Death statistics are very rarely news because they are best viewed over the long haul. In the past few months, major news media have had stories about small yearly upticks in some statistic or another. All these stories have found at least one scientist  to make the case this story is about a serious problem. Personally, I remain skeptical.

Here is the graph of the number of reported cases of tuberculosis, usually shortened to TB. You'll notice that there was a peak in the early 1990s which coincides with the height of the spread of AIDS. Since then the number of reported cases has dropped or stay nearly equal each year until a slight uptick in 2015 compared to 2014. It's hard to see on the graph, but the 2015 numbers were lower than 2013, so the rise is not very serious. Given the size of the U.S. population, the number of TB cases is about 3 per 100,000. If this was the death rate, that would be a number worth noting, but the number of TB deaths is not even 1 in 20 compared to the number of reported cases in a year. A cause of death that is below 1 per 100,000 population is not a significant vital statistic.
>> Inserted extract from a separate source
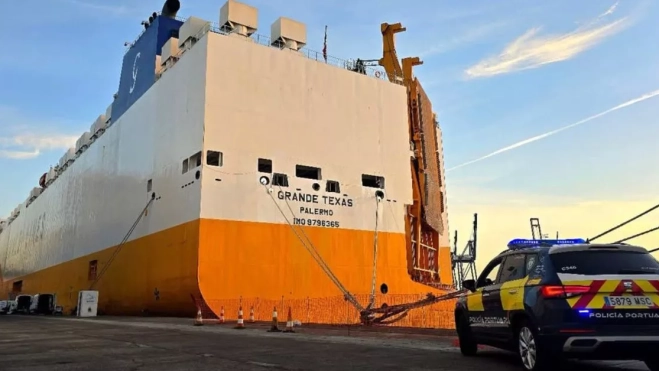 La peculiar popa del 'Grande Texas', uno de los buques señeros de la naviera italiana Grimaldi. / AH La peculiar popa del 'Grande Texas', uno de los buques señeros de la naviera italiana Grimaldi. / AH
Simply put, trends should be news, but a tick upward for a single year should not be a major news story.
The next story is also about a single year tick in a average life expectancy, which is a much more important vital statistic than the TB rate.
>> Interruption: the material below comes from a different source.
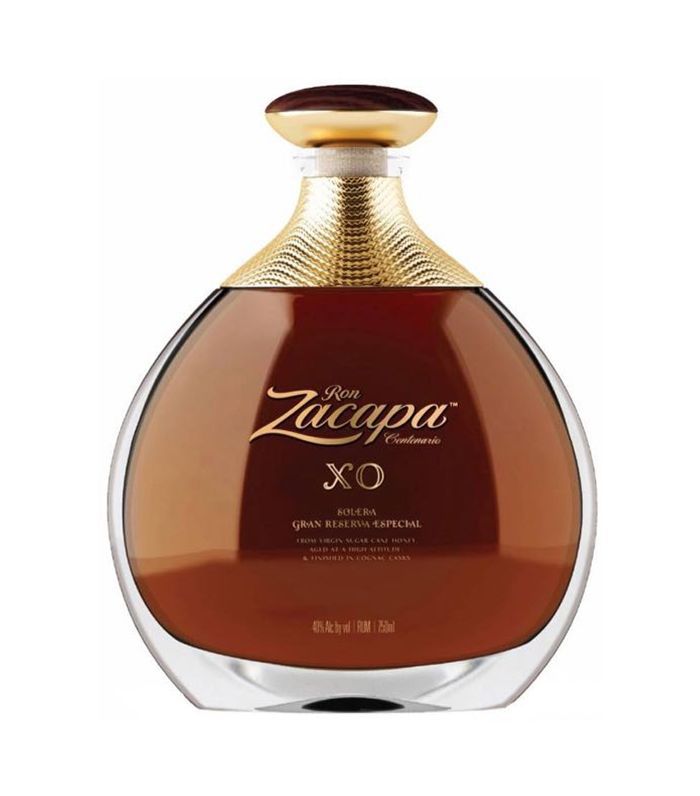 朗姆酒的简短瓶用金箔颈部和金软木。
In general, the life expectancy rate is a non-decreasing sequence, by which I mean it either improves or stays level for almost all years when measured at the level of one tenth of a year. Yet again, the last down tick we saw was a single year in the early 1990s coinciding with the worst of the AIDS deaths. Having so many people in their 20s and 30s dying at increased rates will have an impact on the overall numbers. The reason for the new small downturn is not as clear cut as was the health crisis of the early 1990s, though there is a prime suspect.
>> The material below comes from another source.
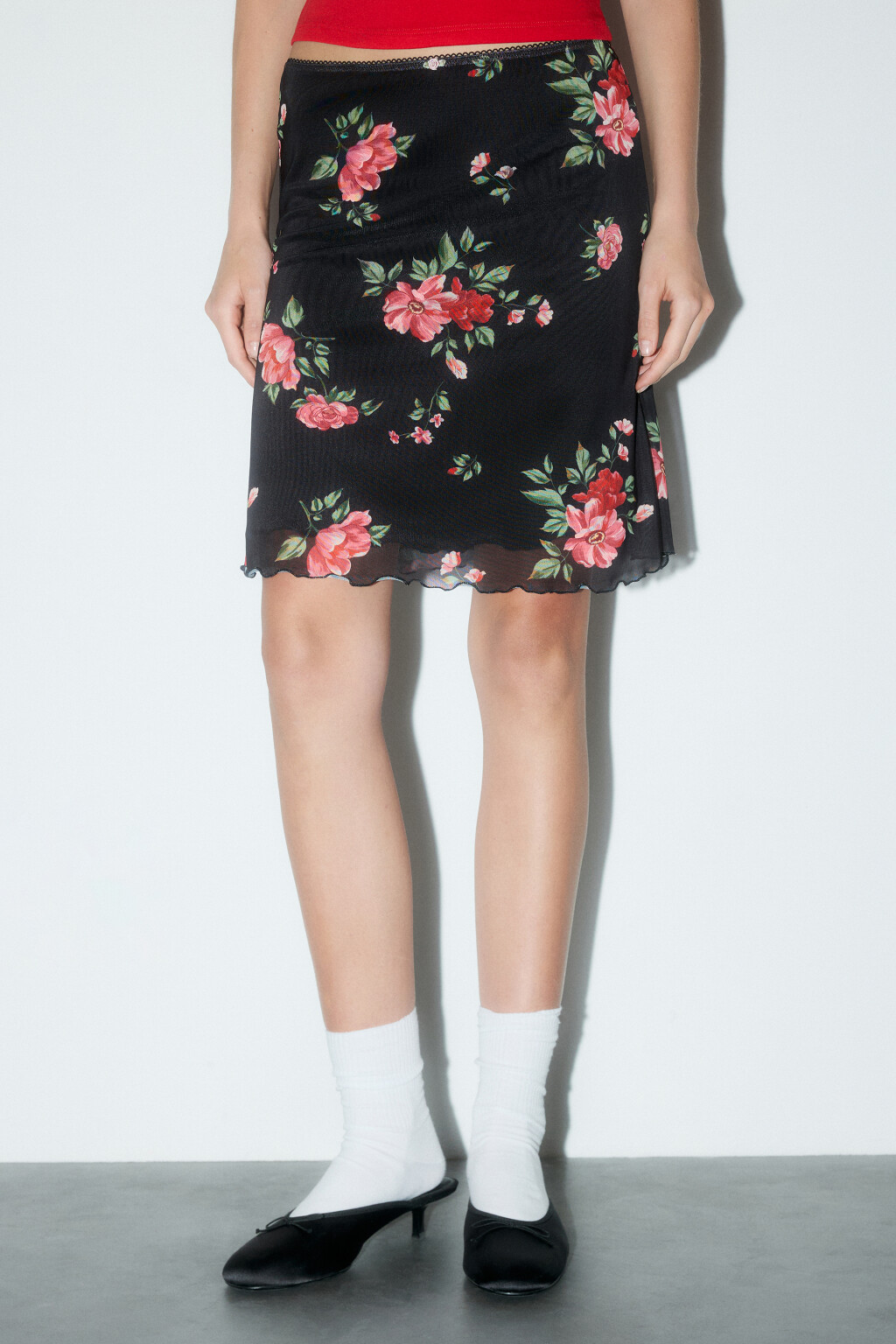 Юбка мини из сетки с принтом и кружевом - цвет черный - 4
To my mind, the most significant news story about vital statistics in the past two years was the 2015 study by the wife and husband team of Case and Deaton looking at middle aged mortality (people from 45 to 54) from 1999 to 2013 here in the United States. Simply put, black folks in that age range showed a great improvement in mortality, but of the three groups listed, they still have the highest mortality. Somewhat to my surprise, Hispanics were slightly better in terms of mortality in this cohort compared to non-Hispanic whites even at the start of this study in 1999. The part of the study that made big news is that middle aged white Americans actually had a worse death rate in 2013 than they did in 1999, bucking not only the trend of other demographic groups in the United States but also almost all the rest of the industrialized world. The graph on the right shows the trend is being cause by that most precious of voting demographics this year, "the white working class".

Are the findings of Case and Deaton the cause of the down tick in the life expectancy rate? Since we have seen the trend they have discussed is about fifteen years long, why has it taken until now to see this downturn? Is this just a tick in the overall life expectancy rate in the U.S. or the start of a trend?

I haven't studied the numbers well enough to have an educated opinion on all of this, but I would say the answer to the first question is very probably yes, while the answer to the second question takes more serious study than I have put in and the answer to the third is harder still.